**EXERCISE GOAL**.
Your copy should hold the lines below from the first through the one that contains "coaling station. 1942", each retyped exactly, and no pictures.

**RECORDS TO USE**.
····················

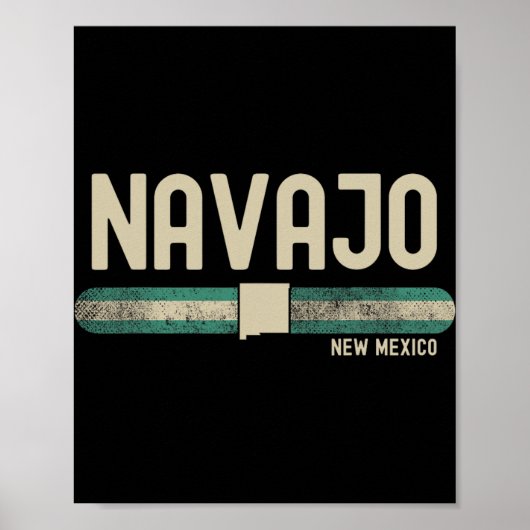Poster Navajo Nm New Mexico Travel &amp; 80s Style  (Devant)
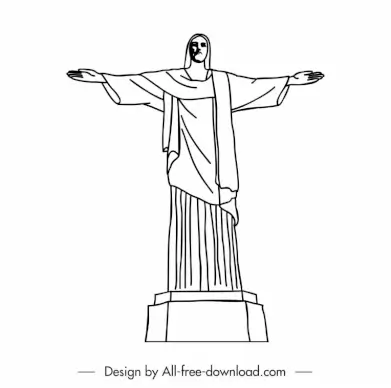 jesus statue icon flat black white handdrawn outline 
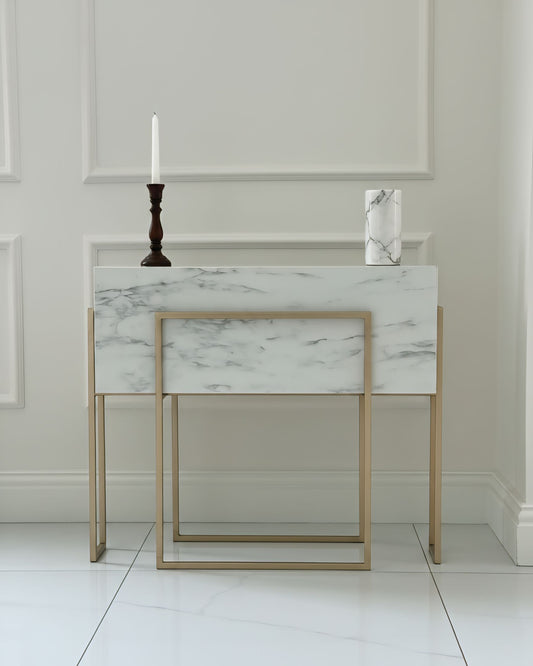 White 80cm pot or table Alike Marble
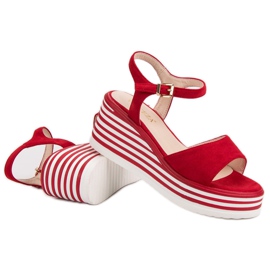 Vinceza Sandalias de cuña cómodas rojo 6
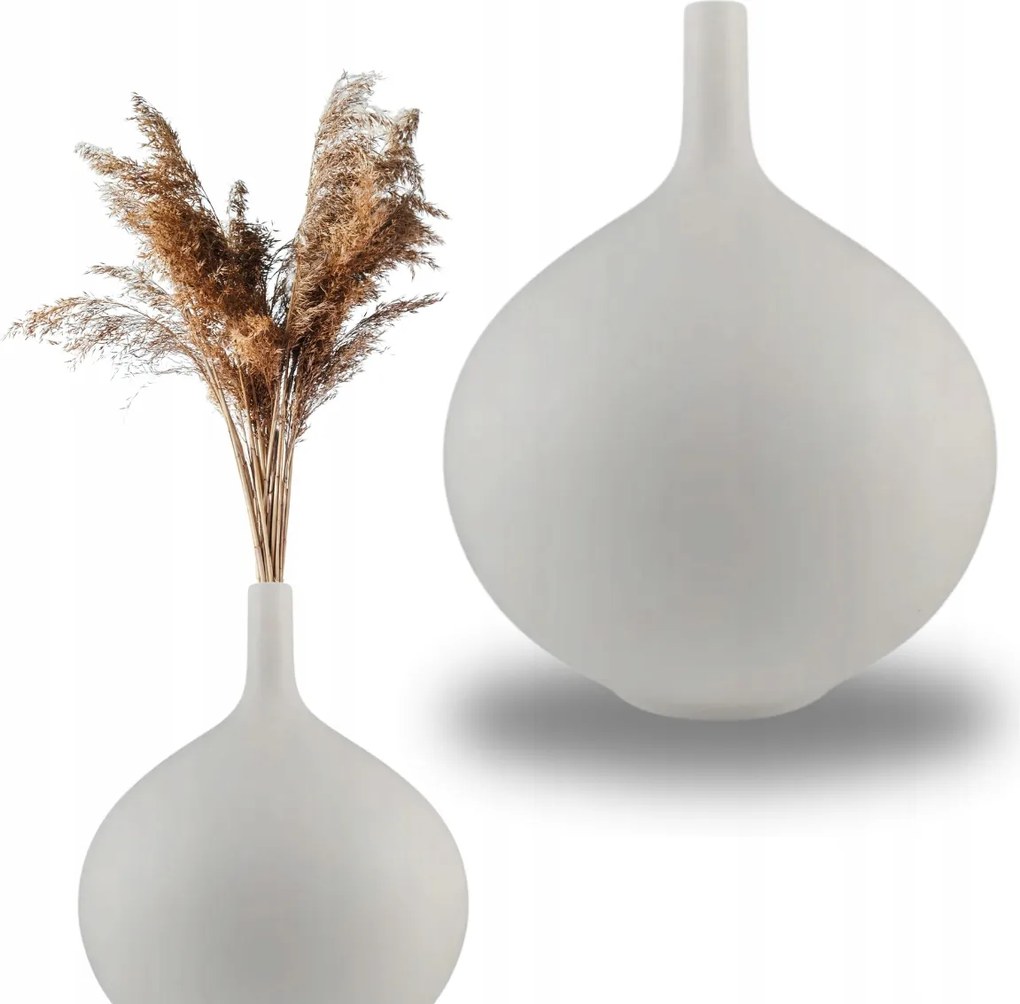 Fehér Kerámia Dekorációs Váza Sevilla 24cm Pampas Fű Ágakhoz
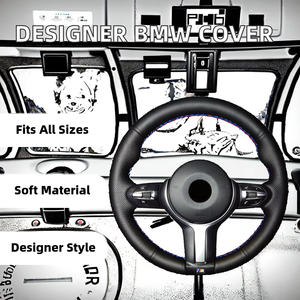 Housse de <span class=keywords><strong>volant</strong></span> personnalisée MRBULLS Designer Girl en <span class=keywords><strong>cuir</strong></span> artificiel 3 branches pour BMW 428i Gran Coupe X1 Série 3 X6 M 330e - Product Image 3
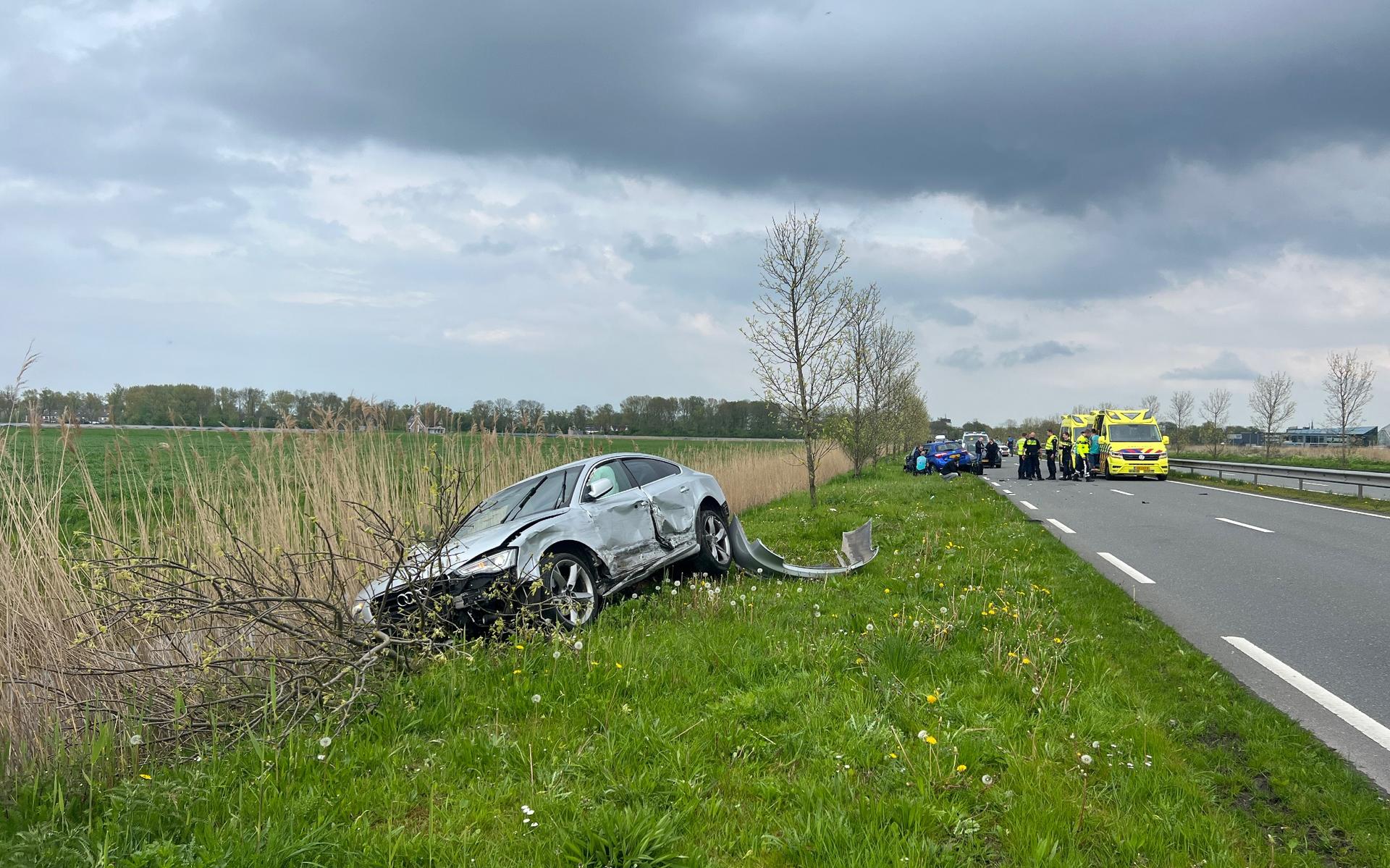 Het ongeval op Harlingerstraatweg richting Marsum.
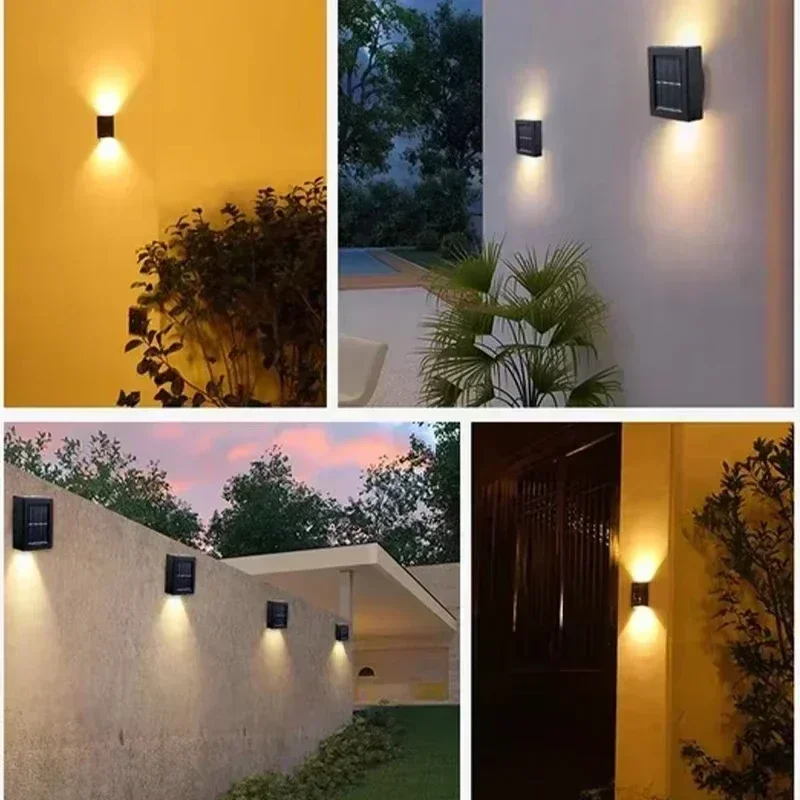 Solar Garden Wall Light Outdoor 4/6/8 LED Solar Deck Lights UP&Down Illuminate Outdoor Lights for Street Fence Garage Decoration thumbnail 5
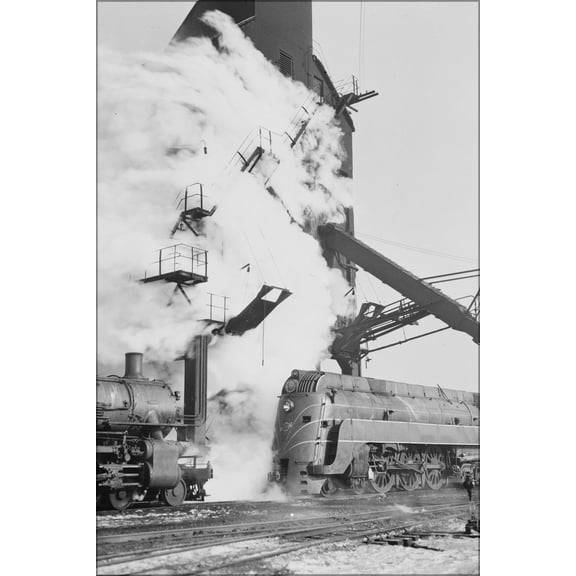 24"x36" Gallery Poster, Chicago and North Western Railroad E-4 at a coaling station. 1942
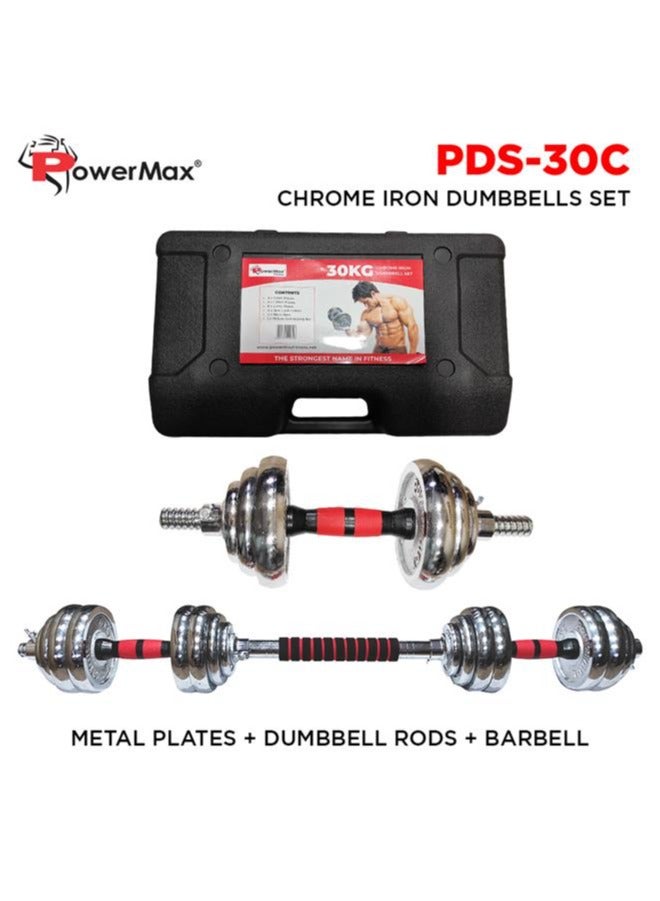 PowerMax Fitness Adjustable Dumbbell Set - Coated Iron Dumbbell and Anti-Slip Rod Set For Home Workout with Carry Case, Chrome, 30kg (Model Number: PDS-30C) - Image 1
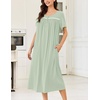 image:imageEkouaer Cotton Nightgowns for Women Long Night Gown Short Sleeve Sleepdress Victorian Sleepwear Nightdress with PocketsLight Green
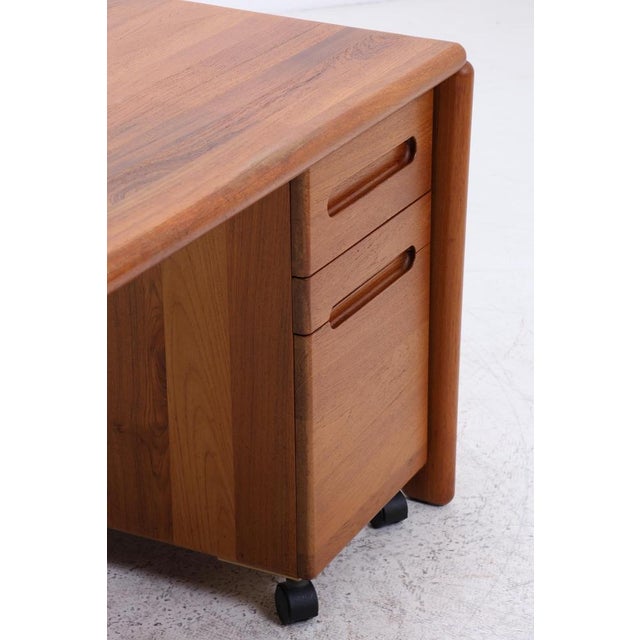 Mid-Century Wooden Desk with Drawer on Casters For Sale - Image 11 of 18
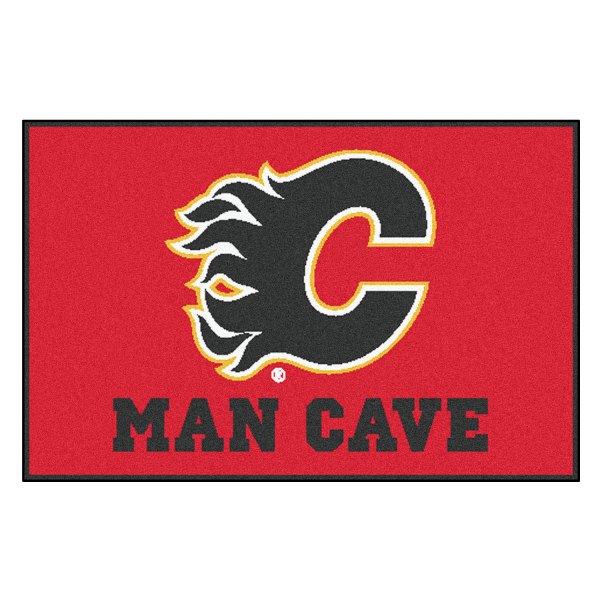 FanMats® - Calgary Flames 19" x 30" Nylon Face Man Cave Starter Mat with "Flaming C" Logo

····················

**TASK OUTPUT**.
Poster Navajo Nm New Mexico Travel &amp; 80s Style  (Devant)
 jesus statue icon flat black white handdrawn outline 
 White 80cm pot or table Alike Marble
 Vinceza Sandalias de cuña cómodas rojo 6
 Fehér Kerámia Dekorációs Váza Sevilla 24cm Pampas Fű Ágakhoz
 Housse de <span class=keywords><strong>volant</strong></span> personnalisée MRBULLS Designer Girl en <span class=keywords><strong>cuir</strong></span> artificiel 3 branches pour BMW 428i Gran Coupe X1 Série 3 X6 M 330e - Product Image 3
 Het ongeval op Harlingerstraatweg richting Marsum.
 Solar Garden Wall Light Outdoor 4/6/8 LED Solar Deck Lights UP&Down Illuminate Outdoor Lights for Street Fence Garage Decoration thumbnail 5
 24"x36" Gallery Poster, Chicago and North Western Railroad E-4 at a coaling station. 1942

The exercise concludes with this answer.